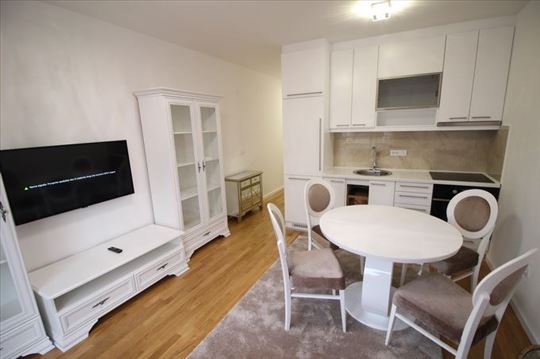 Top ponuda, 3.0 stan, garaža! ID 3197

--

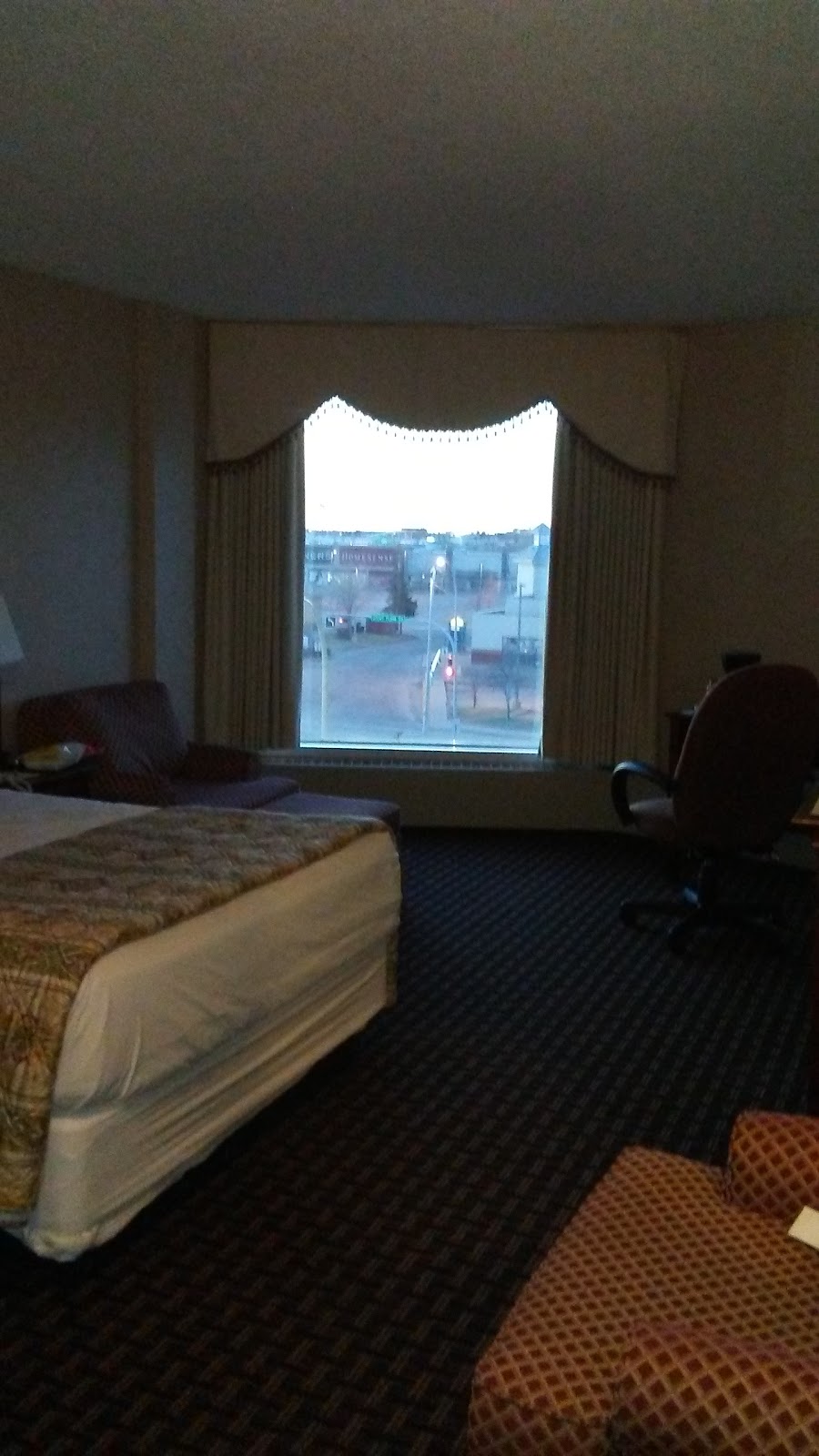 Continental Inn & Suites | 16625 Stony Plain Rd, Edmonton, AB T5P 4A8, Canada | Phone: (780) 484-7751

--

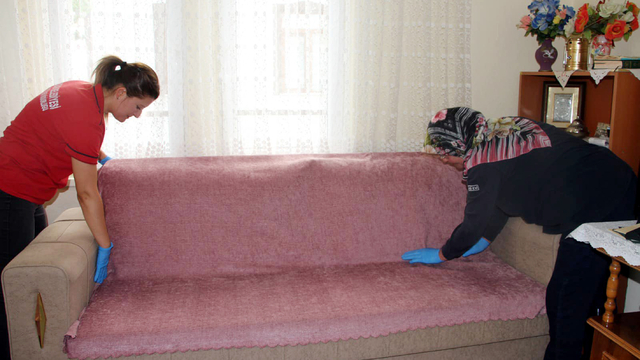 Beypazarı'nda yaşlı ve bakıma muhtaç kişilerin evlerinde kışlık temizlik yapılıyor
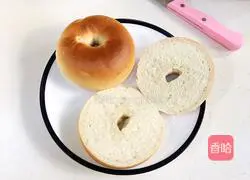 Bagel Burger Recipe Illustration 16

• [Work order]: Above are some records; quote exactly and only the lines that begin at the line containing "Beypazarı'nda yaşlı ve" and stop after the line containing "Bagel Burger Recipe Illustration 16", leaving out the pictures.

• [Answer space]:
 Beypazarı'nda yaşlı ve bakıma muhtaç kişilerin evlerinde kışlık temizlik yapılıyor
 Bagel Burger Recipe Illustration 16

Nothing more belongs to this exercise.